The choice of starting position can significantly affect optimisation performance.

  1. Test your gradient descent code with three different starting positions.

    For this comparison, use \(\alpha\) = 10, tolerance = 0.0005, and max_iterations = 500.

    • \(r = 3.2\) Å (close to the minimum, approaching from below)

    • \(r = 4.4\) Å (at the minimum, approximately)

    • \(r = 6.0\) Å (far from the minimum, approaching from above)

    For each starting position, record:

    • The final optimised position

    • The number of iterations required

    • Whether the algorithm converged successfully (i.e., did it find \(|U'(r)| < 0.001\) within 50 iterations?)

  2. Summarise your results, showing the three starting positions and their outcomes.

Questions to consider:

  • Do all starting positions converge to the same minimum?

  • Which starting position converges most quickly? Can you explain why based on your plot from Part A?

  • Did any starting positions fail to converge within 50 iterations?

  • How does the learning rate \(\alpha = 100\) perform for the different starting positions?
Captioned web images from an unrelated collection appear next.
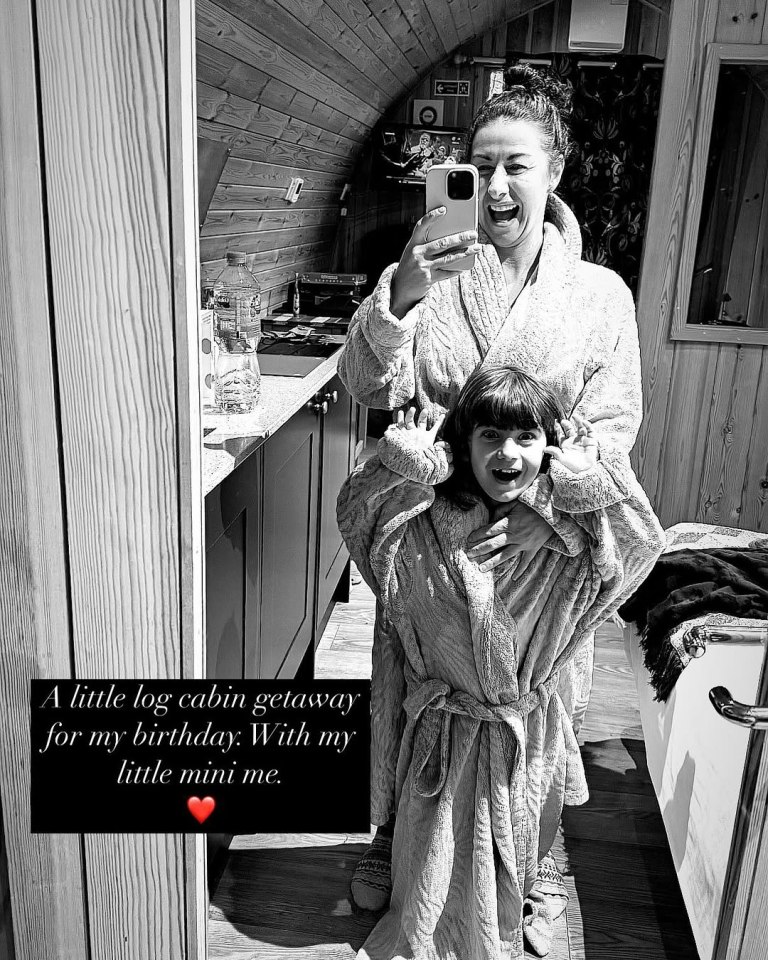 Woman and child in bathrobes in a log cabin.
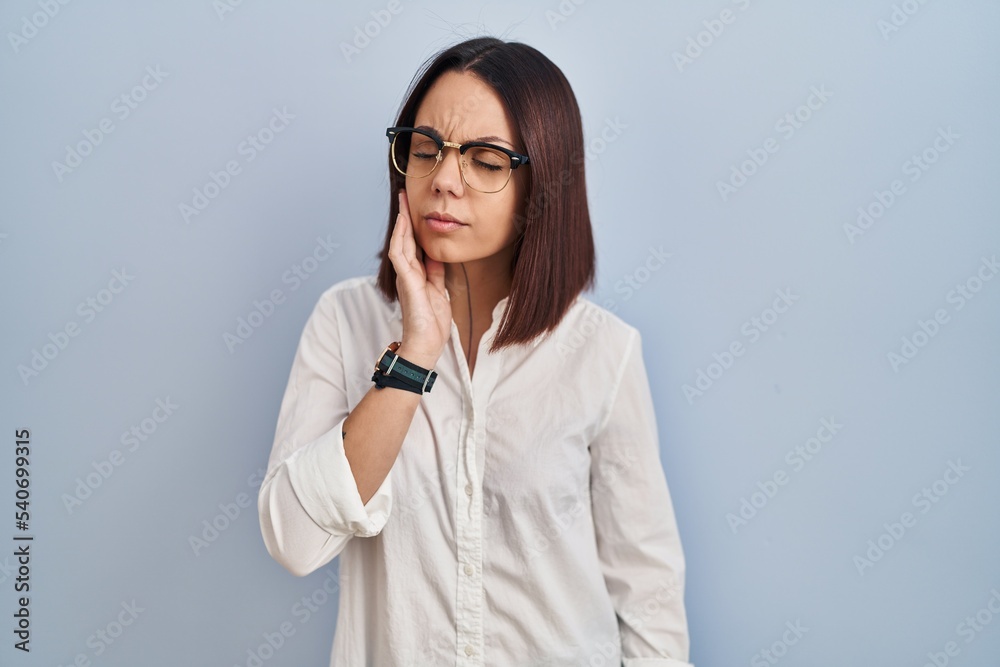 Young hispanic woman standing over white background touching mouth with hand with painful expression because of toothache or dental illness on teeth. dentist Young hispanic woman standing over white background touching mouth with hand with painful expression because of toothache or dental illness on teeth. dentist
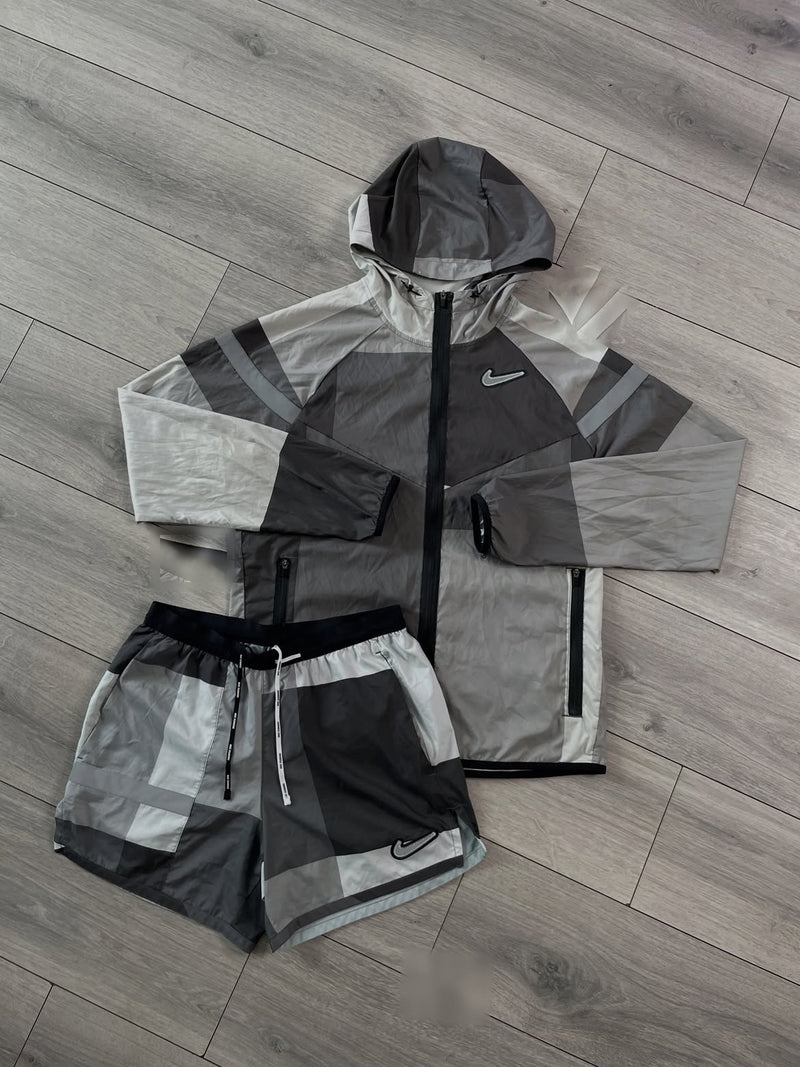 Veste coupe-vent Nike gris anthracite et blanc dépliée avec son short, vue de dessus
Based on the gradient magnitudes at different \(r\) values, does this \(\alpha\) seem appropriate everywhere, or only in certain regions?

Part D: Newton-Raphson Optimisation#

The Newton-Raphson method uses both first- and second-derivative information to converge more rapidly.

  1. Write a function lennard_jones_second_derivative(r, A, B) that calculates \(U''_\mathrm{LJ}(r)\).

  2. Implement a Newton-Raphson loop that:

    • Starts from \(r = 5.0\) Å

    • Uses the update rule: \(r_{i+1} = r_i - \frac{U'(r_i)}{U''(r_i)}\)

    • Runs for a maximum of 50 iterations

    • Stops early when \(|U'(r)| < 0.001\)

    • Stores the position and gradient at each iteration

  3. After your loop completes, print the final equilibrium separation and number of iterations required.

  4. Create a plot comparing the convergence paths of gradient descent (from Part B) and Newton-Raphson, both starting from \(r = 5.0\) Å. Plot both curves on the same axes showing position vs. iteration number.

Questions to consider:

  • How does the convergence speed of Newton-Raphson compare to gradient descent?

  • Why doesn’t Newton-Raphson converge in a single step for the Lennard-Jones potential, unlike the harmonic potential?

  • Which method required fewer function evaluations? (Remember: gradient descent needs one derivative per step, whilst Newton-Raphson needs two.)

Part E: Comparing Methods Across Different Starting Positions#

  1. Test Newton-Raphson with the same three starting positions you used for gradient descent in Part C:

    • \(r = 3.2\) Å

    • \(r = 4.4\) Å

    • \(r = 6.0\) Å

    For each starting position, record the final position and the number of iterations required.

Questions to consider:

  • Which method is more robust to different starting positions?

  • For which starting position(s) does Newton-Raphson show the greatest advantage?

  • Based on your results, which method would you recommend for optimising a Lennard-Jones potential? What factors influenced your decision?